Dal canto suo, con riferimento all’invito di Boccia, Di Maio dice che «i cantieri si apriranno e sono aperti, ma dobbiamo velocizzarne il lavoro e smantellare una parte del Codice degli appalti: su questo il dl semplificazioni sarà fondamentale, ma anche i soldi che abbiamo iniettato nei piccoli comuni con i 500 milioni e la procedura semplificata sugli appalti fino a 150mila euro sono una ricetta per far ripartire l'economia». Nell’insieme vengono confermate le previsioni sulla crescita «nonostante siamo in una congiuntura economica difficile». Facendo ancora rilevare che sul down dell’eceonomia «pesa anche il dato dell'export, perché c'è la guerra dei dazi» ma non dubita che aiutando le fasce più deboli di questo Paese, i pensionati, i piccoli e medi imprenditori e coloro che cercano lavoro e hanno difficoltà a trovarlo si permetterà un aumento della domanda interna.

La contrazione del Pil registrata nel quarto trimestre 2018, pari a -0,2%, come detto è per l'economia italiana il peggiore risultato da cinque anni a questa parte.

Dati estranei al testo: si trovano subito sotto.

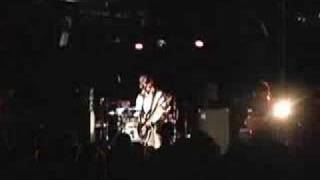 Covette - Time Consuming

Secondo i dati dell'Istat, per ritrovare un calo simile si deve infatti risalire al quarto trimestre del 2013, quando il Pil segnò appunto un equivalente -0,2%.

La stima del quarto trimestre diffusa è espressa in valori concatenati con anno di riferimento 2010, corretta per gli effetti di calendario e destagionalizzata. L'andamento del Pil su base congiunturale determina un ulteriore abbassamento del tasso di crescita tendenziale del Pil, che scende allo 0,1% dallo 0,6% del trimestre precedente. Il quarto trimestre del 2018, segnala l’Istat, ha avuto una giornata lavorativa in meno rispetto al trimestre precedente e due giornate lavorative in più rispetto al quarto trimestre 2017. La variazione congiunturale è la sintesi di una diminuzione del valore aggiunto di agricoltura, silvicoltura e pesca, di un “netto peggioramento” dell'industria e di una stagnazione dei servizi. Dal lato della domanda, vi è un contributo negativo della componente nazionale (al lordo delle scorte) e un apporto positivo della componente estera netta.

Nel 2018 il prodotto interno lordo corretto per gli effetti di calendario è aumentato dello 0,8%. Per l’Istat la variazione annua del Pil stimata sui dati trimestrali grezzi è invece pari all'1% (nel 2018 vi sono state tre giornate lavorative in più rispetto al 2017). L'Istat sottolinea che i risultati dei conti nazionali annuali per il 2018 saranno diffusi il prossimo primo marzo, mentre quelli trimestrali coerenti con i nuovi dati annuali verranno presentati il 5 marzo.